The equation goes something like:
| Plane burns fossil fuel: | + carbon dioxide |
| New trees make oxygen: | - carbon dioxide |
| = carbon neutral |
It is, of course, a complete and total scam. It’s based on a statistical fudge which works by only looking at a very narrow time frame, whilst ignoring other factors.
When a tree dies, it’ll likely either be burnt, or rot, each of which reverses the process and combines the stored carbon with oxygen to produce the unfriendly greenhouse gasses that we fear so much.
Fossilised trees retain their carbon in the form of oil, coal or gas, until such time as these are burnt.
In each case, the net effect can indeed be considered “carbon neutral”.
The problem with burning fossil fuels is that the equation acts over millions of years.
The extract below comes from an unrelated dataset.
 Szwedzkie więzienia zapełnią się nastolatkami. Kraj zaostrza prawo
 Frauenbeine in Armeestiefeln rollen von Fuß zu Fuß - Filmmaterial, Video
The carbon dioxide released from them has been stored over a huge period of time, but has all been re-released into the atmosphere in the past 200 years or so. That’s the problem.
Planting some trees won’t suck it all back away again.
So anyway, having debunked the idea of carbon offsetting, let’s go back to the political equation:
flying + carbon offsetting = OK
Where we’ve already seen that carbon offsetting has no useful effect, so the equation can be re-written in the following form, which is what they’re actually telling you:
Carbon offsetting = pointless,
Flying = OK
So what was all the fuss about in the first place?